In 2021, the contiguous U.S. states suffered 20 separate billion-dollar weather disasters. With widespread destruction and damage caused by severe weather, many communities are left facing internet, power, and other utility outages.
This data shows the alarming truth: No one is immune to the realities of natural disasters. The destruction leaves more than damage to the home; it creates a financial burden for us regular folks to recover our property – an instability few can afford.
The emotional stress brought on by severe weather is only compounded in today’s work-from-wherever era. Now that our homes often doubling as the “office”, the blows of severe weather at home is more than just a homeowner problem. It’s the employer’s problem, too.
For example, employers have less say in the type of risk-mitigation efforts and preparedness their employees take against natural disasters. Maintaining a secure, connected workplace becomes a moot point when a large portion of your workforce is operating at home.
Now, employers are in a unique position to better support their employees – and who doesn’t want to do that? The financial, and more so the emotional, stress caused by disaster can take a toll on your workforce. Companies are poised to safeguard employee financial resiliency and business continuity by helping them recover faster.
We did some digging and identified two major ways employers can support their distributed workforce to be proactive and take disaster resiliency into their own hands.
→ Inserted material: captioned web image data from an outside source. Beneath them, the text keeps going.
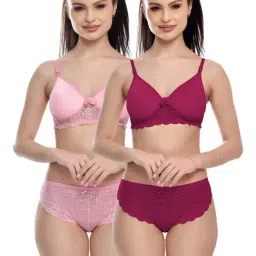 FIMS Pink & Violet Lace Work Bra Panty Sets - Pack Of 2-image-94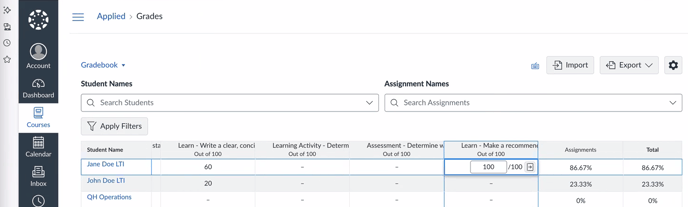 Canvas gradebook.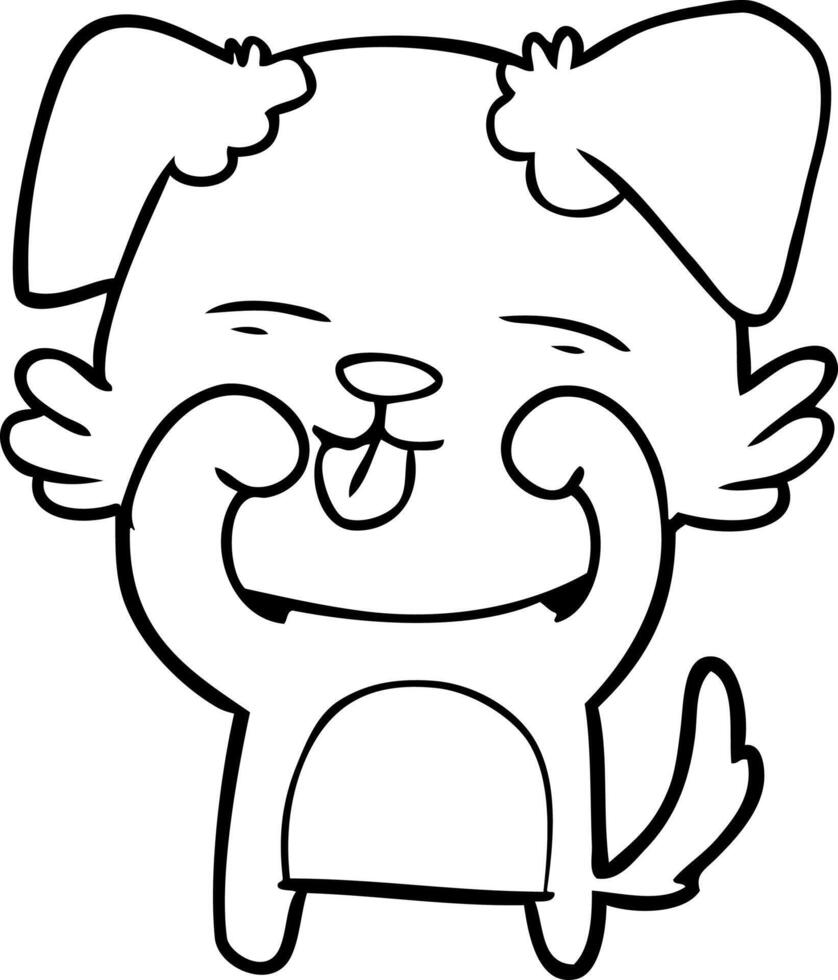 cartoon dog rubbing eyes vector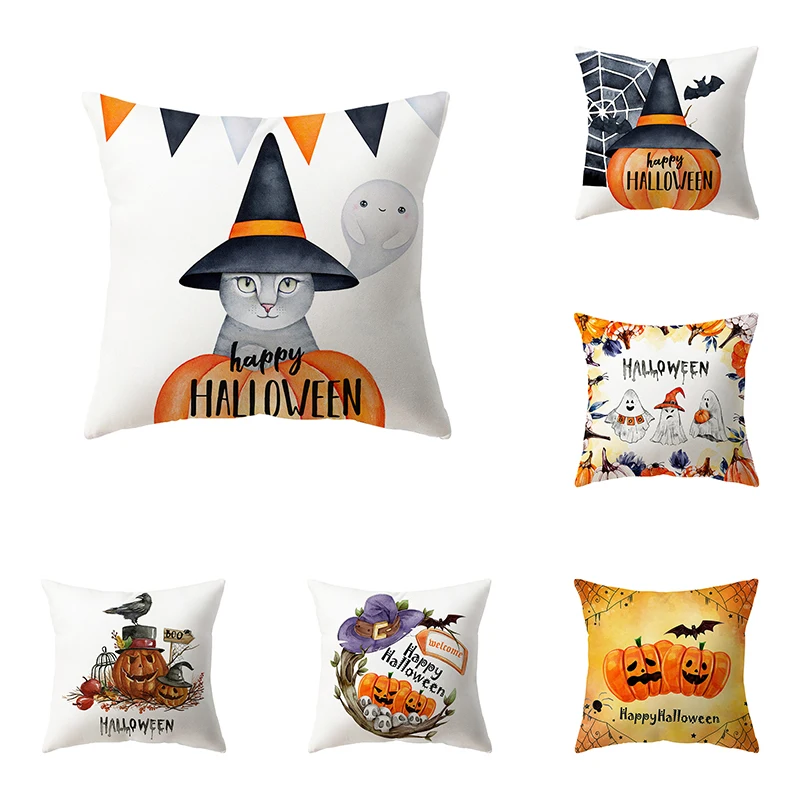 

Alphabet Pumpkin Kitten Throw Pillow Cover Halloween Theme Series Sofa Chair Bed Cushion Home Decor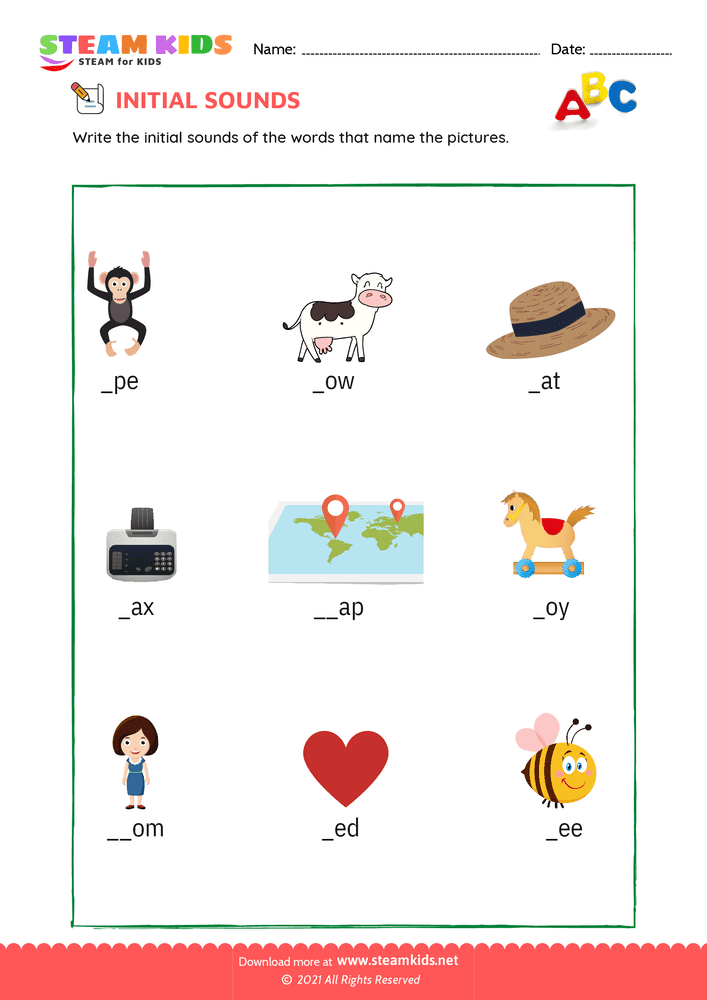 Free English Worksheet - Initial Sounds - Worksheet 3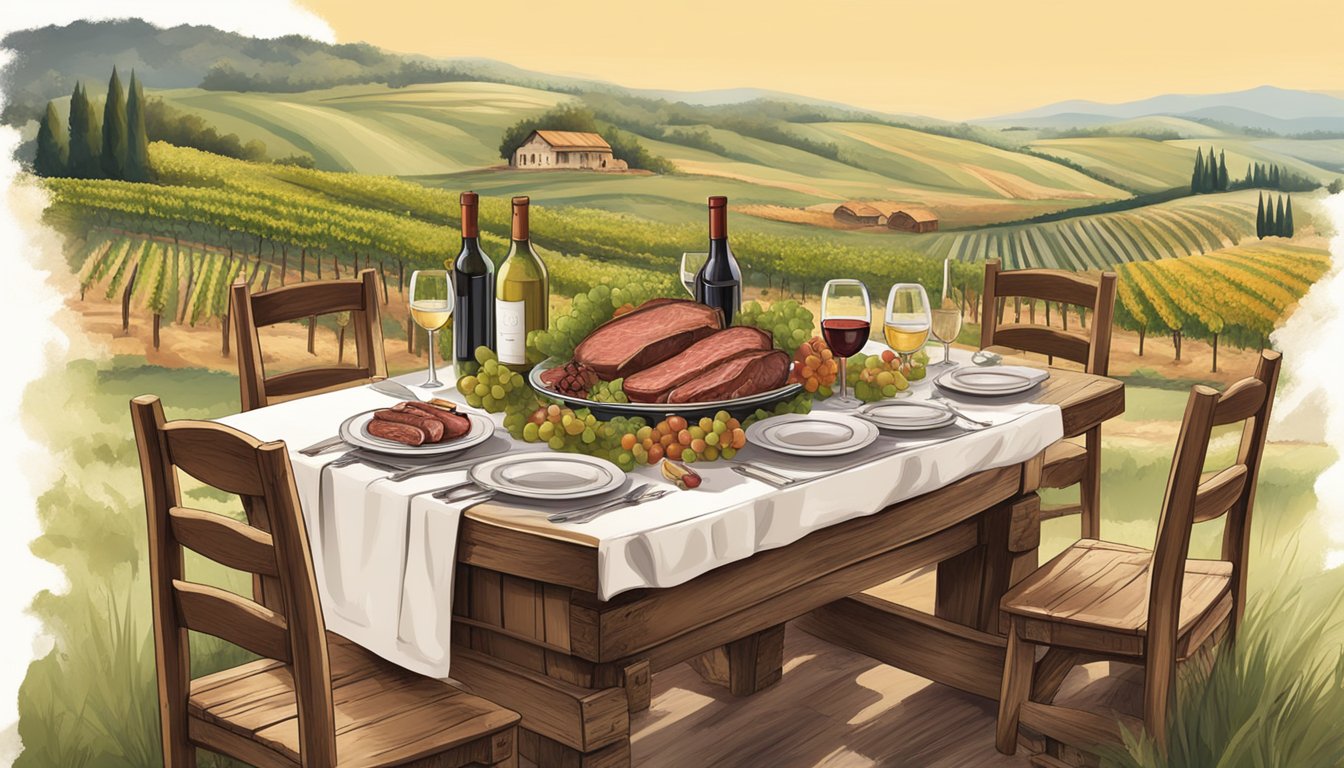 A rustic table set with a platter of roasted meats, surrounded by vineyards and traditional wine barrels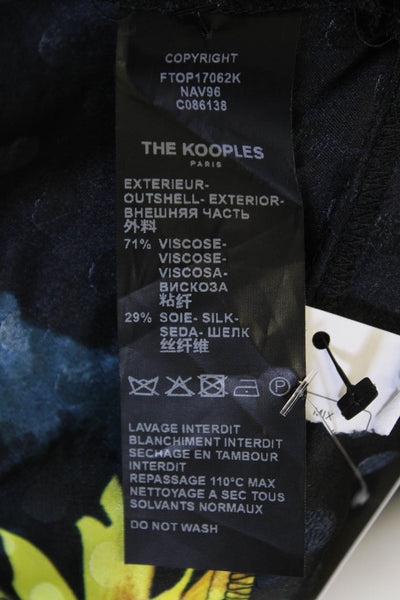 The Kooples Womens Silk Floral Print Polka Dot Wrap Blouse Black Yellow Size 1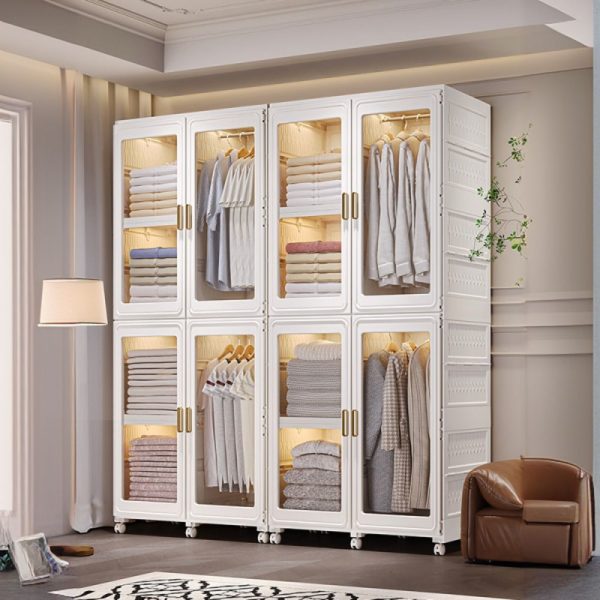 "Other Theme Chalk Plastic Children Armoire with Shelf, Clothing Rod, Door"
Adding disaster insurance to your employee benefit program
Most American households are unprepared to weather unexpected costs – especially after an event like a natural disaster. In a recent report from the Federal Reserve, more than a 25% of adults were either unable to pay their monthly bills or were one $400 financial setback away from being unable to pay them in full. That’s far from being financially resilient enough to cover the steep costs of home and renters insurance deductibles or the surprises that come with damage from severe weather.
Instead of leaving employees on the hook to cover these costs – especially while they patiently wait for their traditional insurance policies to process the claim – employers can step up and make disaster insurance (cough, cough Recoop) offering available as part of an employee benefit program.
It helps them bounce back faster from a natural disaster because they have access to fast, flexible funds to protect their financial wellness.
Develop disaster plans to help employees after severe weather strikes
From a preparedness viewpoint, you’re in a position to provide assistance for employees in the event of a natural disaster. You can develop creative solutions that support employee financial wellness while protecting their productivity. Options like temporary housing, backup power, and mobile hot spots can all be used to safeguard your workforce and help keep them plugged in.
By covering some of the stresses of severe weather, employers can meet the needs of their employees while maintaining mobility and connectivity.
We get it – employers can’t eliminate the risk of natural disaster. But that doesn’t mean employers can’t adapt to the new, shifting needs of their dispersed workforce. By protecting employee financial well-being, we can help keep people safe and connecting no matter where they “go” to work.